It's going to be an interesting half-decade.

dylan604 · on Dec 28, 2023

People steal cars and break into houses and both have their versions of locks and alarms and are equally as useless as a right-click-disable fix to a website to a skilled "attacker".

dzhiurgis · on Dec 28, 2023

Why use a deliberately open standard then? Create an app like every other successful monopolistic megalomaniac?

JohnFen · on Dec 28, 2023

Some people want to make their stuff freely available to people, but don't want it to be used to train AI. That's the group my comment was talking about. No monopolistic megalomaniacs here.

Personally, I think that such efforts are pointless -- all it takes is one crawler to make it through your defenses and you may as well have not done a thing. The alternative, though, is to remove your sites from the open web entirely. Either way, Commmon Crawl needs to be excluded if you want to avoid your stuff being used to train AI.

mistrial9 · on Dec 28, 2023

yeah - more cases than those alluded to ..

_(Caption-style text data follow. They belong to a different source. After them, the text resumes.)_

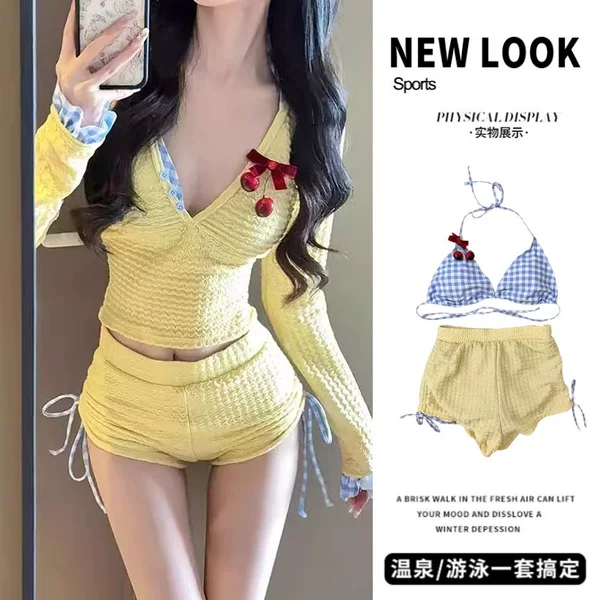Swimsuit for Women 2025 New Style for Young Girls and Students, Conservative Fashion, Sweet and Stylish Plaid Design, Slimming Three-Piece Set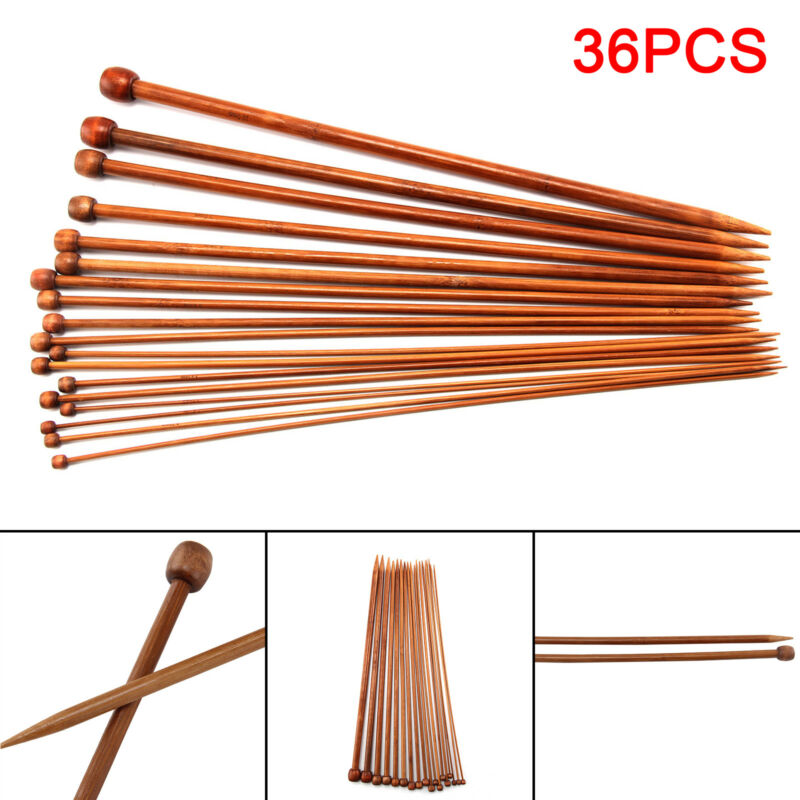 36CM High Quality Set 36pcs Single Pointed Bamboo Knitting Needles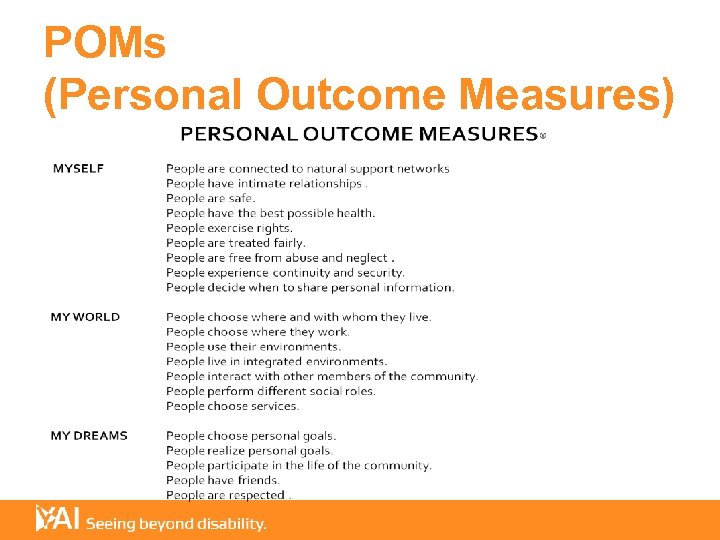 POMs (Personal Outcome Measures) 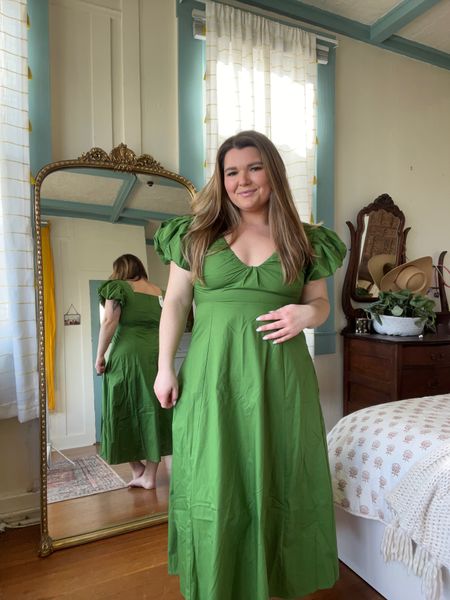 This gorgeous green midi will be perfect for summer and spring events! Wearing a large but could have sized up because it’s right in my broad rib cage. 
Spring dresses
Curvy dresses 
Midsize dresses
Abercrombie dresses 
Midi dresses

#LTKcurves #LTKunder100 #LTKSeasonal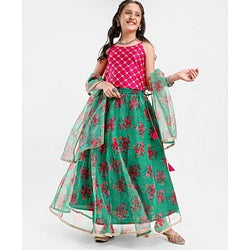 Pine Kids Sleeveless Choli & Lehenga With Dupatta Floral Print & Embroidery- Green & Pink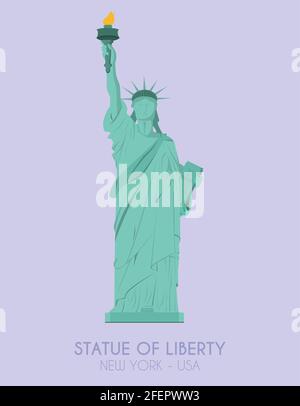 Modern design poster with colorful background of Statue of Liberty (New York, USA). Vector illustration Stock Vector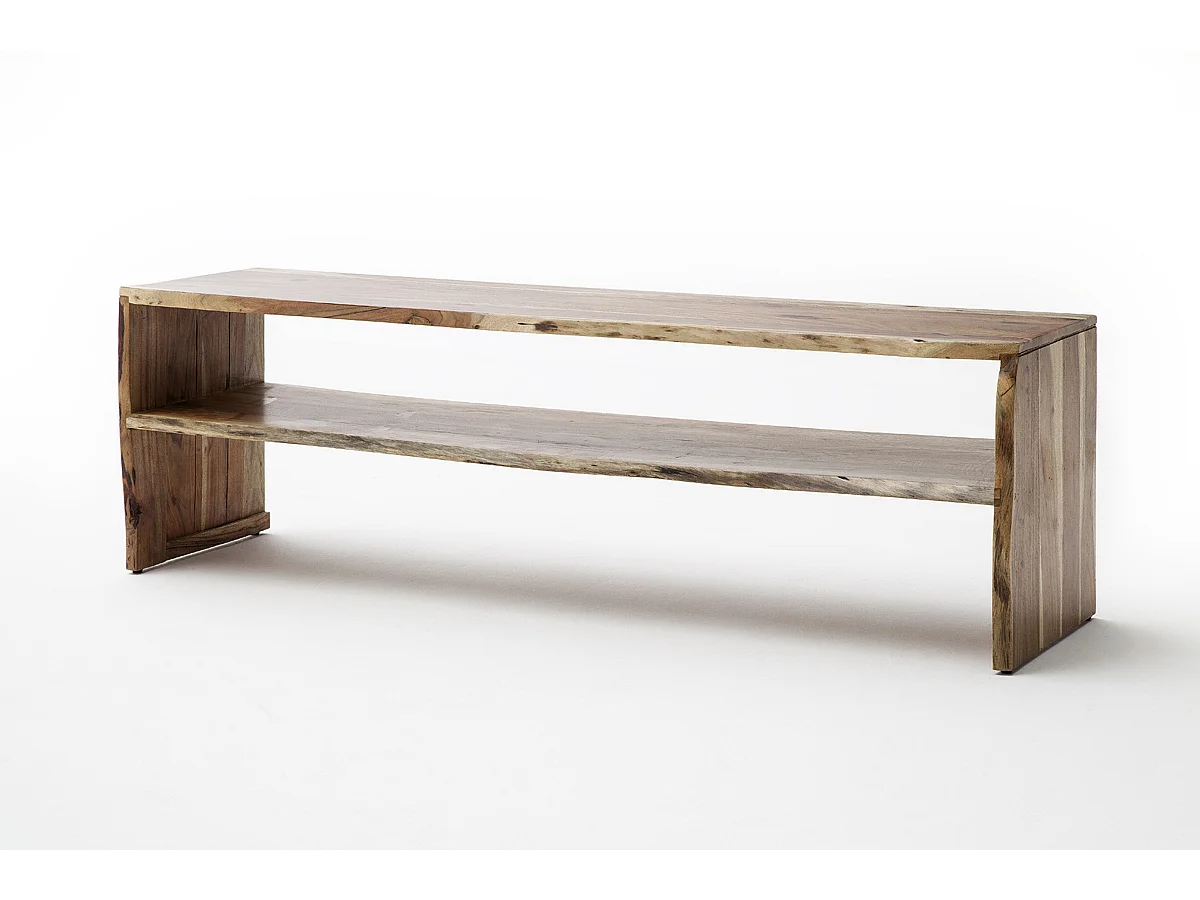 Meuble TV en bois d'acacia massif coloris noyer - L145 x H45 x P40 cm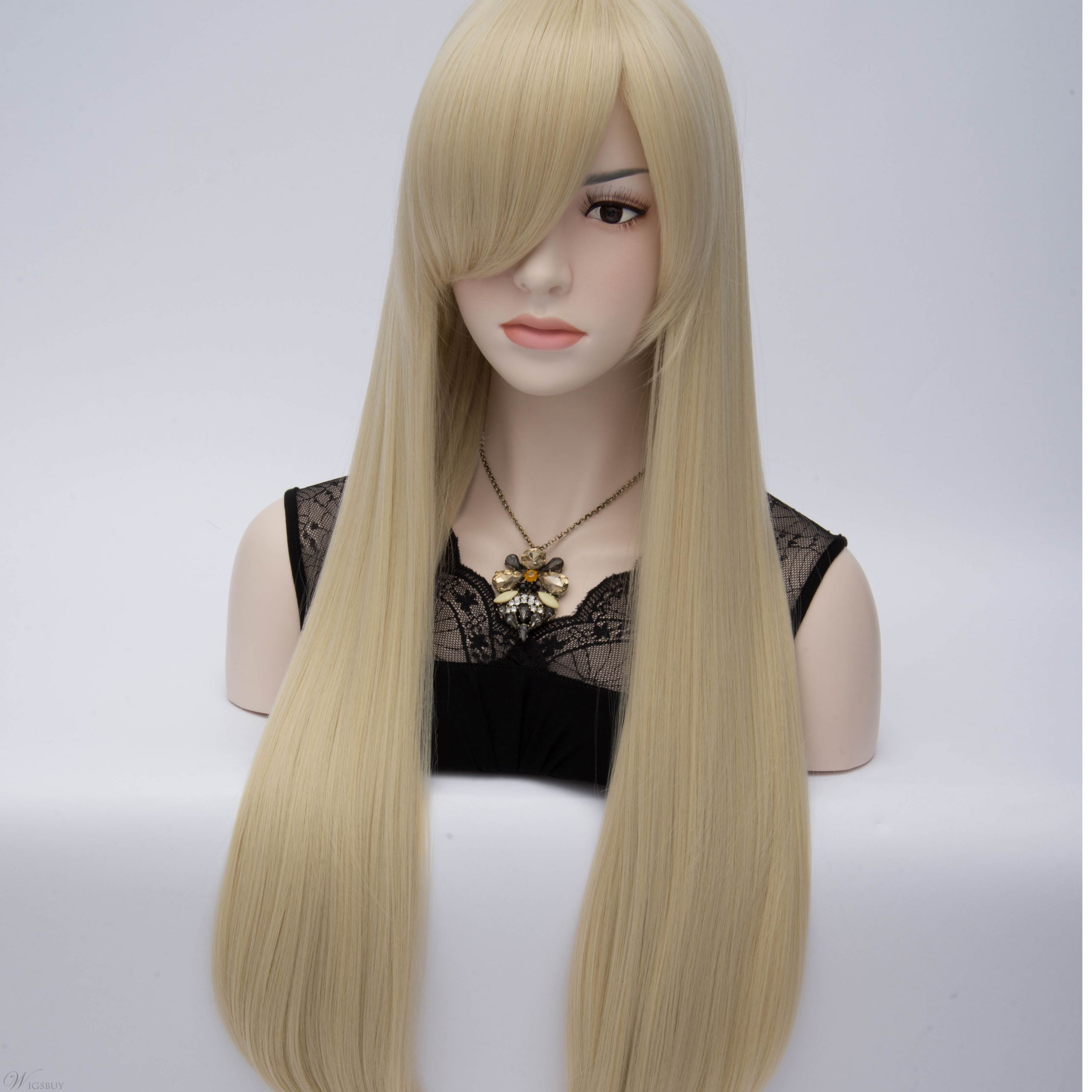 Anime Girl Long Hairstyles
 Light Blonde Long Straight Anime Hair Party Wig with Side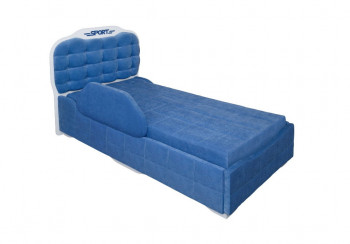 Кровать 190 Атлет Lux 29 Синий (мягкий бортик) в Черепаново - cherepanovo.mebel54.com | фото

https://apnews.com/article/dungeons-dragons-ai-artificial-in...

a variety of stakeholders involved - not just "individuals doing pointless things" .. new tech is making winners and losers right now.

yellowpencil · on Dec 28, 2023

Them being a charity isn't an automatic license to use anything on the internet?

alphabettsy · on Dec 28, 2023

Including all of the other crawlers. Interesting dilemma.